**Information supplied:**

---*---

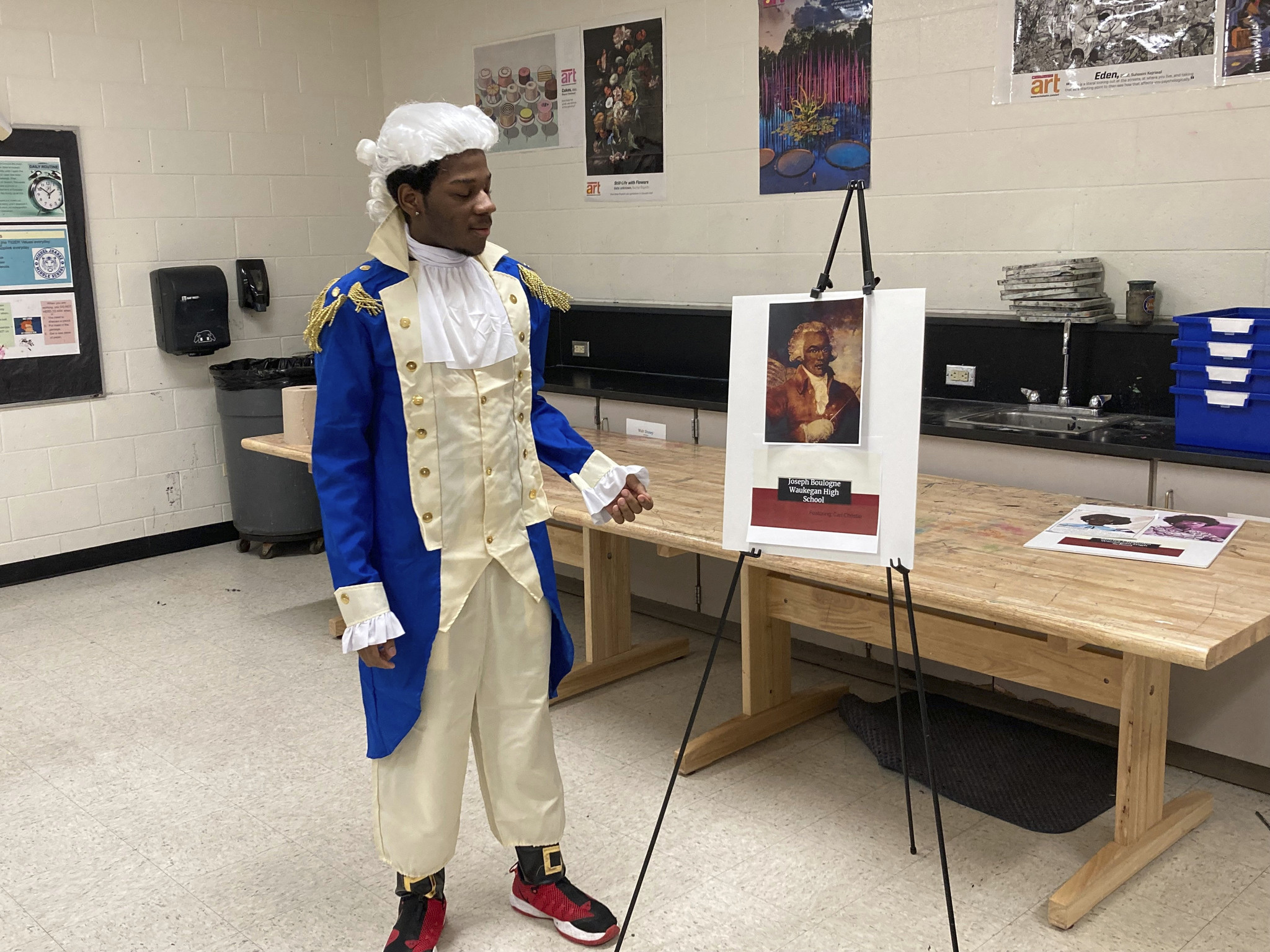 Living wax museum part of Waukegan D60′s Black History Month celebration;  'These students became teachers tonight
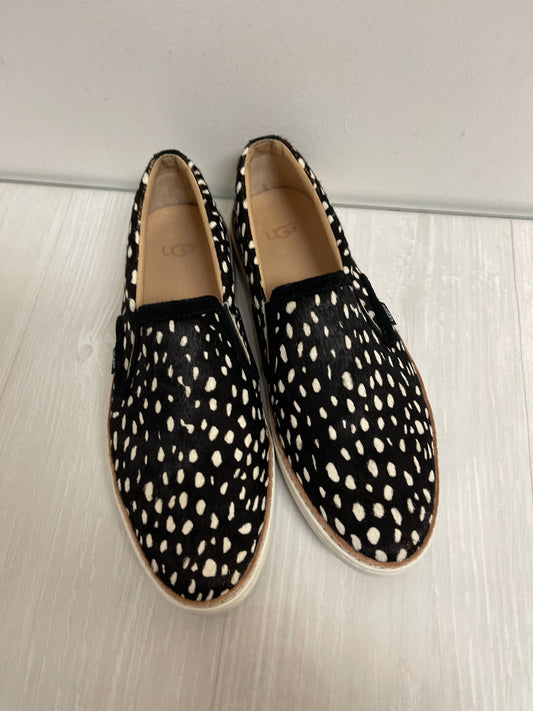 Shoes Flats By Ugg In Black & White, Size: 10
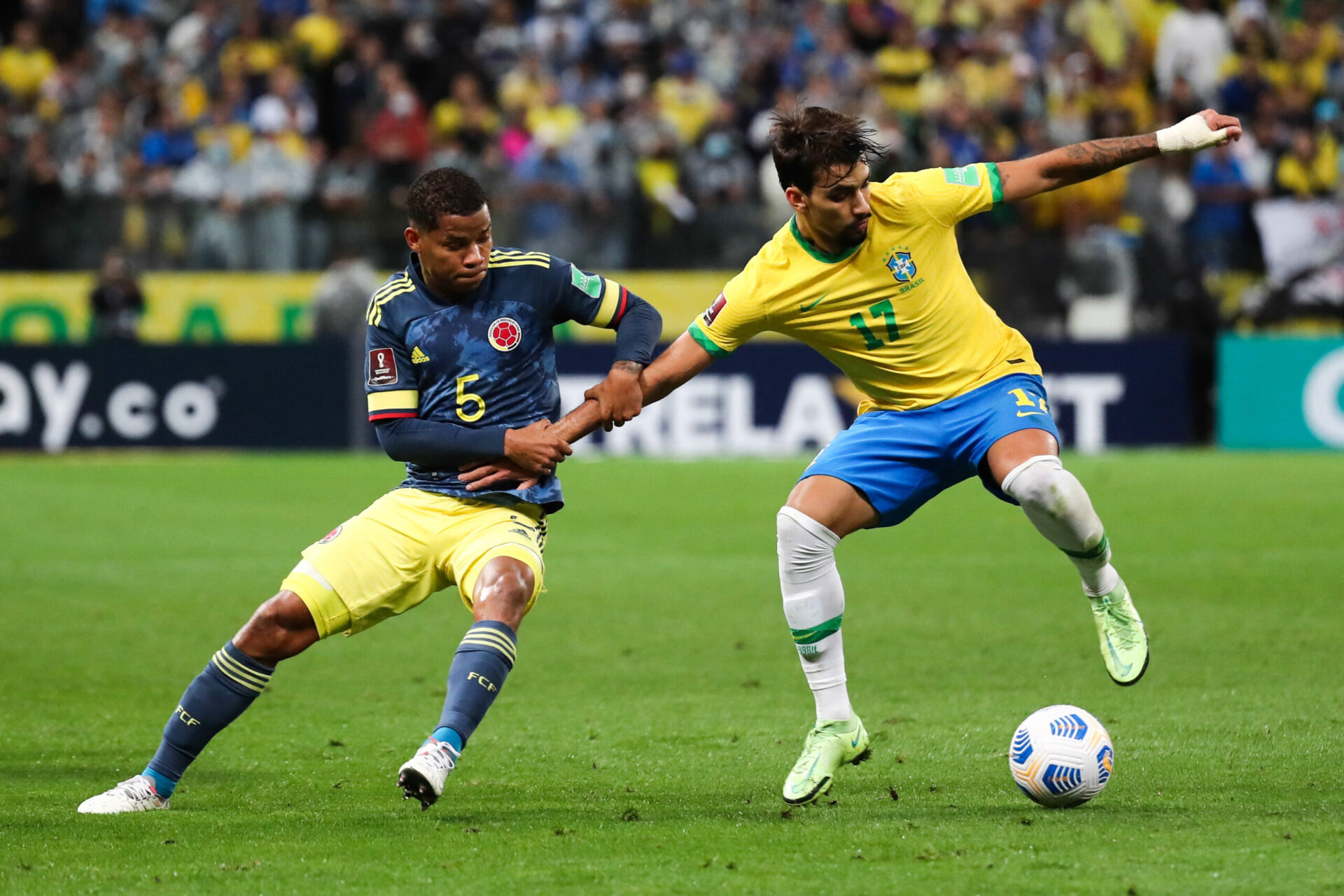 Lucas Paquetá devant Wilmas Barrios, lors de la rencontre entre le Brésil et la Colombie, à l'Arena de São Paulo. Icon Sport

---*---

**Task directions:**
Leave the images out as you retype each line of the material exactly.

**Solution for this exercise:**
 Living wax museum part of Waukegan D60′s Black History Month celebration;  'These students became teachers tonight
 Shoes Flats By Ugg In Black & White, Size: 10
 Lucas Paquetá devant Wilmas Barrios, lors de la rencontre entre le Brésil et la Colombie, à l'Arena de São Paulo. Icon Sport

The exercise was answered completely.